Chai Latte Dessert Loaf

This recipe is an adaptation of Isa Chandra Moskowitz’s recipe for Vegan Chai Latte cupcakes. I have made this recipe gluten-free in the past and it always comes out sort of sticky. I wanted a bread that I could make and freeze to stop myself from eating all of it in a day and so I made some adjustments. The resulting product is still moist and delicious, but not at all sticky. It’s a hearty bread that would go well with tea and coffee. Have at it alone or with some Earth Balance spread after lightly toasting.
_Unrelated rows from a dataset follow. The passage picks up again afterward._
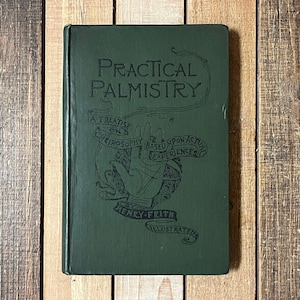 Vintage Palmistry Book Practical Palmistry Palm Reading Occult Divination Tarot Fortune Telling Cheiromancy Henry Frith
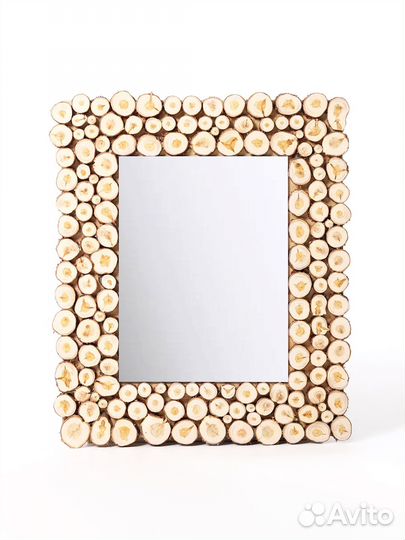 Зеркало для дома/бани из можжевельника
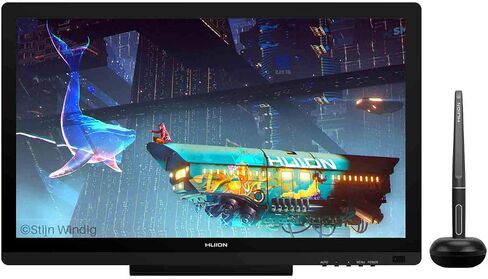تابلت رسم Huion KAMVAS 20 مع شاشة عرض رسومية وقلم شاشة عرض 120% sRGB وظيفة إمالة خالية من البطارية قلم 8192 ضغط القلم - 19.5 بوصة in Kuwait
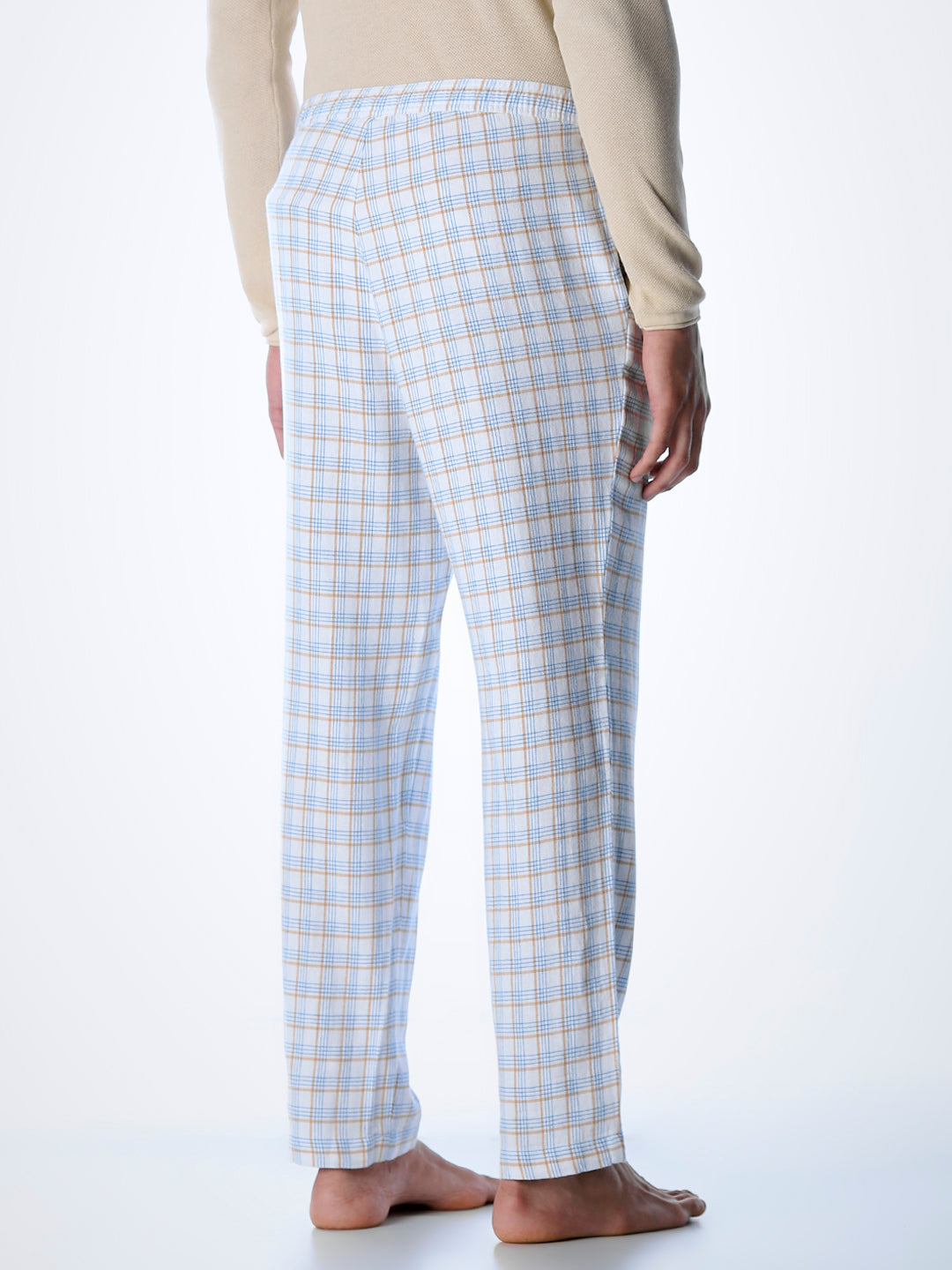 Check Cotton Pyjamas - White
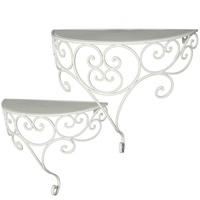 Ambiente Haus Deko-Wandregal »Increto Wandregal-Set aus Eisen 45cm«, (1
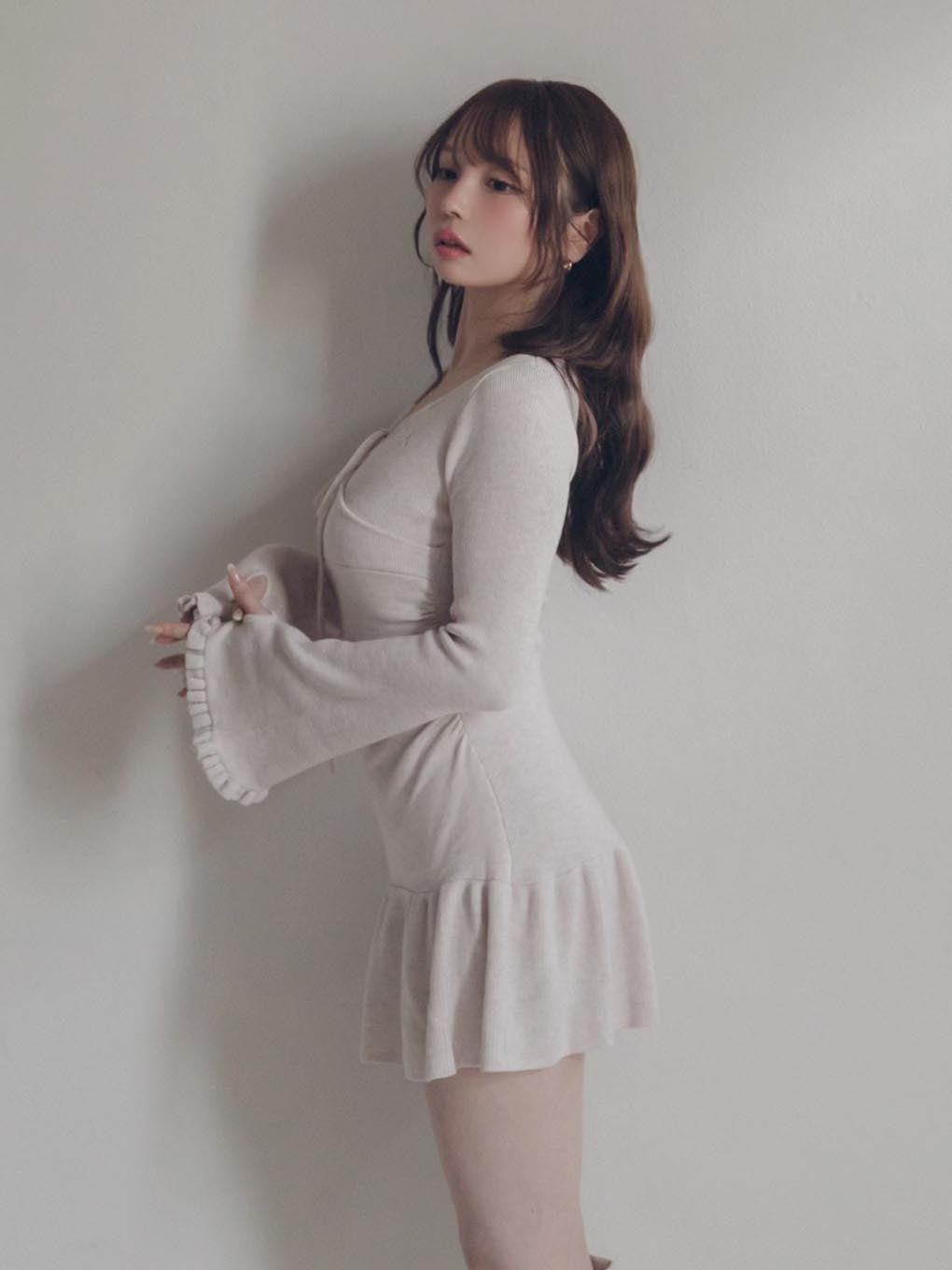 Fleur knit mini dress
Gluten Free Chai Latte Dessert Loaf

1 cup soy milk
4 black tea bags
¼ cup canola oil
½ cup plain or vanilla soy milk
¾ raw cane sugar
1 teaspoon vanilla extract
1/3 cup of ground flax seed (aka flax seed meal)
3/4 cup Bob’s Red Mills Gluten-free All Purpose Flour
¼ Brown rice flour
¼ teaspoon baking soda
½ teaspoon baking powder
½ teaspoon salt
2 teaspoons ground cinnamon
1 teaspoon ground cardamom
½ teaspoon ground ginger
¼ teaspoon ground cloves
Pinch of black or white pepper

1.  In a microwave safe bowl, heat the cup of soy milk for about 2 minutes. When it is piping hot, drop in the four tea bags and cover to steep. Let stand for about 10 minutes or so. While this is steeping start with the other ingredients and preheat the oven to 350 degrees.

2. In large bowl, combine the soy yogurt, vanilla, sugar and oil.  Let that sit while the tea mixture is doing its thing.

In another bowl, sift the flour and all the spices and the baking soda and powder together. By the time you do all this, the tea mixture will be ready.

3. Remove the tea bags one by one carefully as they will be hot. Give them all a little squeeze to remove the excess milk and release more black tea flavor. Add tea mixture to the bowl with the wet ingredients and mix for 2 minutes.

4. Add the dry ingredients to the wet ones and mix on medium until everything is combined.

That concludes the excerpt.